Theoretical study on the photophysical properties of boron-fused double helicenes

Abstract

Heterohelicenes have attracted much attention because the involvement of heteroatom into helicene skeleton effectively modulates physical properties and greatly widens the application of helicenes. Recently, boron-fused double helicenes (compounds 1 and 2), exhibiting unique photophysical properties, were reported [J. Am. Chem. Soc., 2016, 138, 5210]. Fully understanding their microelectronic structures is rather important for further performance optimization or improvement. Here, we employed density functional theory to investigate the electronic transition properties, circular dichroism (CD), charge transport, and second-order nonlinear optical (NLO) response of the seven boron-fused double helicenes.

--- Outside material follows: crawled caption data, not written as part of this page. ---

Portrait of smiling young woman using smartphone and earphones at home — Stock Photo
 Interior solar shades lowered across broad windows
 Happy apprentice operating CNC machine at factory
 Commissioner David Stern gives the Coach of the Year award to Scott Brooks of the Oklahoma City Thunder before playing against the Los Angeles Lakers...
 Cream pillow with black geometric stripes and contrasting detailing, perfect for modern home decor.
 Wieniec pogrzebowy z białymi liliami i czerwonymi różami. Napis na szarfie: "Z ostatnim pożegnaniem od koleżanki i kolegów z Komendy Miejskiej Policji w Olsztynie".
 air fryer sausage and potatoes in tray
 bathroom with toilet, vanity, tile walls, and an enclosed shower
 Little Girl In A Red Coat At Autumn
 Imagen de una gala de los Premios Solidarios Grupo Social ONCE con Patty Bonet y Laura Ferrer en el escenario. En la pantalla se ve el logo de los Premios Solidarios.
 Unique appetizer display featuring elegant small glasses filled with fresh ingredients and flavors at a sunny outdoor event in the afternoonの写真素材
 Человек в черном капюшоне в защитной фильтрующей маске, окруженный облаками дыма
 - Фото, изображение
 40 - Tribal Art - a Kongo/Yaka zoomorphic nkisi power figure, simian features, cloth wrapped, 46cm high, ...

Our simulated UV-vis/CD spectra of compound 2 are in good agreement with experimental ones. Different electron-donor or electron-acceptor substituents have considerable effect on frontier molecular orbital energy level, absorption wavelength, electron transition property, and second-order NLO response values. The designed compound 7 with two electron donors (TTF) and two electron acceptors (TCNQ) is expected to be excellent second-order NLO material in view of large first hyperpolarizability value and inherent asymmetric structure. The study of charge transport indicates that incorporation boron and oxygen atoms into intermolecular π–π packing units is an effective way to realize ambipolar charge transport.